2009年10月22日
間宮林蔵と蝦夷錦
古代の日本人は、西から東へ、北へと目指して移動してきました。結果的に北海道を除く日本全土が17世紀に江戸幕府により統一されました。徳川幕府は、交易の地として長崎を指定して、鎖国を行ったと私たちの日本史の教科書は教えます。
しかし、北から謎の「蝦夷錦」という謎の古着の交易品がありました。どうみても、日本のものとは思われない奇妙な古着です。実は、西日本は長崎に限り交易が認められていましたが、北海道は周囲の部族に開放された自由交易の土地だったのです。

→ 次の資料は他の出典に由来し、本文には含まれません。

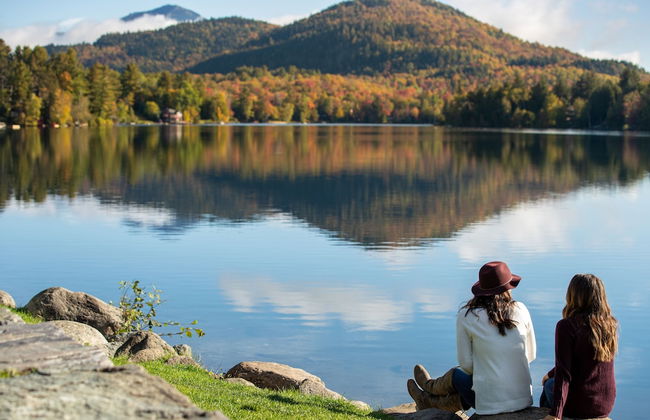 Lake Placid Inn Main Street - Foto 44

この自由交易の土地を踏破しようと試みたのが、松田伝十郎と間宮林蔵です。二度目の挑戦で間宮林蔵は、北樺太で冬を過ごし、地元ギリヤーク人と思われる部族と狭い海峡を渡って黒竜江を遡り、土地のツングース系の諸族が、清国に毛皮類を上貢し、交換に中国風の古着を受け取っている実態を目撃します。
彼等が渡った狭い海峡(間宮海峡)は非常に浅い海峡で、その北には静かな海(オホーツク海)が広がっていました。
明治維新以降、私達ー日本人、は北へ南へと勢力を広げます。敗戦後、北海道に住み着いた日本人は、高度経済成長、冷戦時代を経て、日本人のアイデンティティを持ちながら、日本人の本拠地である本州、南へと心が動きました。オホーツク海、樺太は遠い「ソ連」の領土になりました。多くの若者が北海道を離れ、本州各地へと移動しました。今でも東京の地方出身者は、北海道、長野、沖縄が多いと言われます。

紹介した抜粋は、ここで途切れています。